Monólogo 'O Monstro' vai além da exposição de um caráter pré-fixado

Preciso, Genézio de Barros foge da armadilha de demonstrar uma personalidade desumana

Paulo Bio Toledo

O Monstro

  • Quando Ter. e qua., às 20h. Até 1º/8
  • Onde Teatro Vivo, av. Dr. Chucri Zaidan, 2.460
  • Preço R$ 50
  • Classificação 16 anos

Na montagem de "O Monstro", o ator Genézio de Barros interpreta um homem narrando os caminhos que levaram ele e sua amante a cometer um covarde assassinato contra uma jovem quase cega.

Diferentemente do conto de Sérgio Sant'Anna que dá origem à adaptação, feita pelo diretor Hugo Coelho, no monólogo não há um repórter entrevistando o assassino. Vemos apenas uma espécie de depoimento confessional cujo interlocutor muitas vezes parece ser o próprio público.

O interesse da montagem reside, em boa parte, nesta especificidade da narrativa. Ao mesmo tempo em que Antenor descreve os pormenores do assassinato, também aparece o seu esforço em tentar elaborar e criar justificativas para o que houve. Fica em primeiro plano, portanto, não a história narrada por ele, mas, sobretudo, o gesto de rememoração do assassino.

Com uma interpretação precisa, Genézio de Barros foge da armadilha de demonstrar a personalidade de um "monstro". Ou seja, a peça vai além da exposição de um caráter pré-fixado, o de um homem capaz de cometer tal atrocidade.

Ao contrário disso, o ator sustenta os momentos de verdade daquela personagem e a luta interna que ele trava para tentar decifrar suas próprias ações. Isso não isenta o assassino, nem relativiza o crime abominável, mas cria uma conjugação espantosa entre barbárie e esclarecimento.

Antenor não é alguém privado da construção civilizatória que deveria nos afastar de ações monstruosas.

Ele é professor universitário de filosofia, se relaciona com uma bem-sucedida operadora financeira, ouve jazz, desconfia dos padrões moralistas do cotidiano, cria belas imagens líricas em seu depoimento, tem senso crítico. E isso tudo não o impede de estuprar e assassinar uma jovem sem chance nenhuma de defesa.

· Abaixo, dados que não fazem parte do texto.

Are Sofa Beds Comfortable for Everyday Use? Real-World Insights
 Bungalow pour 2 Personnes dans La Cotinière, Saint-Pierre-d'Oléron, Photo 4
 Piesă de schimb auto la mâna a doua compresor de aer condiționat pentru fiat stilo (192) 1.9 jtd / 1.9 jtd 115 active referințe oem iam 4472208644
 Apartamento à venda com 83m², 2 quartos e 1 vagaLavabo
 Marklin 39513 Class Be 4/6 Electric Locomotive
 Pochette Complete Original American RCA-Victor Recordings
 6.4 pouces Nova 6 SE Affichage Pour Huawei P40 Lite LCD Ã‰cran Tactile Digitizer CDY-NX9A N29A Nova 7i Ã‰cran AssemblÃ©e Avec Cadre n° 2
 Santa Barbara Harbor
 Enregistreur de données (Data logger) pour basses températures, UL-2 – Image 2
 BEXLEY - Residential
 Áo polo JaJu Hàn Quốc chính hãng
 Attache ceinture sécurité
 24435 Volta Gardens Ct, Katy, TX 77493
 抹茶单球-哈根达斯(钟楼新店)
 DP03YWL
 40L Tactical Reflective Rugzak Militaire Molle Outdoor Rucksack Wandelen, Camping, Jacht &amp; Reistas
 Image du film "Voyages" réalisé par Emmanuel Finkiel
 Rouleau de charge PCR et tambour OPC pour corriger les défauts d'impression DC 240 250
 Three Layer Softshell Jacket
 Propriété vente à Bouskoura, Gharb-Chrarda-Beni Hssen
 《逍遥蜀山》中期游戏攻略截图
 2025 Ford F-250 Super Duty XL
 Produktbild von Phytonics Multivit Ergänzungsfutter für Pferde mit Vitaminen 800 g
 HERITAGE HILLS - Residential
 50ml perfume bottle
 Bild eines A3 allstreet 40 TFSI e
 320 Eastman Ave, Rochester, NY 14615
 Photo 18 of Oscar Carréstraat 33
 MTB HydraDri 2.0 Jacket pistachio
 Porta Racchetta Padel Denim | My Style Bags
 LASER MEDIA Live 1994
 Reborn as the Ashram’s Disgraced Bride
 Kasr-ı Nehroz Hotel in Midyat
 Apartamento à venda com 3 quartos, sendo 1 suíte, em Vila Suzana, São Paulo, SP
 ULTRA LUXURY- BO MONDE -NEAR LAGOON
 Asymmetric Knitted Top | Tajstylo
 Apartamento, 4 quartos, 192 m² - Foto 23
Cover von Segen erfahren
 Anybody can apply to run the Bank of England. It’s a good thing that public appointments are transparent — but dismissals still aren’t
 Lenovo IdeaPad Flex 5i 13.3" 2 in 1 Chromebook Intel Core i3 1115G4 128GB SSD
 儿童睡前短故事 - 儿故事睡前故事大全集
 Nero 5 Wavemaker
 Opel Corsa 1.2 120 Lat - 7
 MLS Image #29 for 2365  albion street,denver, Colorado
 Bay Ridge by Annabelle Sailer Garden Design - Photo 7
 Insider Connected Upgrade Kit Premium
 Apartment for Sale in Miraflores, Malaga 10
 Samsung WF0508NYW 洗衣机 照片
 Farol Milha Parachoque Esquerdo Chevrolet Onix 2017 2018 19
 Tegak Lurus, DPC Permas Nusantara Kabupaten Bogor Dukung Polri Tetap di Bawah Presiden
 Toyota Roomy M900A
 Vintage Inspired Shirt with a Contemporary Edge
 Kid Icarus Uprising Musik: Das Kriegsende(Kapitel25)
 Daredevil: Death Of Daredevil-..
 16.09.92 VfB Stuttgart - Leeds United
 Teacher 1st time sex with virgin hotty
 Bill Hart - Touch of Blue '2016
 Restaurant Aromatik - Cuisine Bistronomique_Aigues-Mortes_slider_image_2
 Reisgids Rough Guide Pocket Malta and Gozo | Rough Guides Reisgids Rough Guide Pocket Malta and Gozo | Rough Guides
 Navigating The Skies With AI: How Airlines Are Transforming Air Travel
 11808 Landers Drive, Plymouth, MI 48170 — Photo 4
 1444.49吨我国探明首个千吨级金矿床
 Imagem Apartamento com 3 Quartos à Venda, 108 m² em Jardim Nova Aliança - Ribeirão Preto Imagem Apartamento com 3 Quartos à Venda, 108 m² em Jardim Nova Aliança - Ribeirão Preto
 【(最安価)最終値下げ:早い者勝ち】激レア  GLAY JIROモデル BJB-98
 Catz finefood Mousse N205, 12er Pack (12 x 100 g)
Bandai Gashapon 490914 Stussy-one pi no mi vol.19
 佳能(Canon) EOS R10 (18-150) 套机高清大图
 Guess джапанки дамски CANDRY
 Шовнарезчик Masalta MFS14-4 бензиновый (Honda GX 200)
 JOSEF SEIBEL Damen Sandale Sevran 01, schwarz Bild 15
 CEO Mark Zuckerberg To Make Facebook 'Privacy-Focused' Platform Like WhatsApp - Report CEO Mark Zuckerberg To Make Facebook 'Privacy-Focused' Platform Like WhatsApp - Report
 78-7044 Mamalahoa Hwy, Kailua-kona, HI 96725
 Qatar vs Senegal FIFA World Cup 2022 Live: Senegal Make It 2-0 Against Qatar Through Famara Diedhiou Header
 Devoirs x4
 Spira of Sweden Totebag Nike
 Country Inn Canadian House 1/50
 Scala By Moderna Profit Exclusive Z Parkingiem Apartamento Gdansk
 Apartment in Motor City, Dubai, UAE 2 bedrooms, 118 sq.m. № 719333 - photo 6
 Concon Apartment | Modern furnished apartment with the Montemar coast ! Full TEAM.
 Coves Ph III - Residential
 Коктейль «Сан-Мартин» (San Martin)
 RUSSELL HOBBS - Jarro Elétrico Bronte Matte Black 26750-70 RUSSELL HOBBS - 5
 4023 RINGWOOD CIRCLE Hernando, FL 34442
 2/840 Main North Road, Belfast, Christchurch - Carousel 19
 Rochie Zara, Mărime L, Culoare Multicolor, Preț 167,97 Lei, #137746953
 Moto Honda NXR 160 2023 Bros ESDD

Antenor não é um monstro psicótico oposto aos valores que regem nossa civilização. Dependendo de como se olha, ele é bem semelhante à sociedade que o condena.

No final de seu depoimento, o assassino conta que na prisão recebe cartas de ódio, mas também, na mesma proporção, cartas de amor. Como se a sociedade que o abomina também se reconhecesse nele e sentisse algum fascínio por sua figura monstruosa.

As possibilidades ambivalentes de leitura que a montagem de "O Monstro" proporciona devem-se à força objetiva com que Genézio de Barros atua. Ele enfrenta a personagem sem afetação ou pré-julgamentos e abre espaço, assim, para uma reflexão contraditória que envolve todos nós. O monstro em cena é uma espécie de espelho.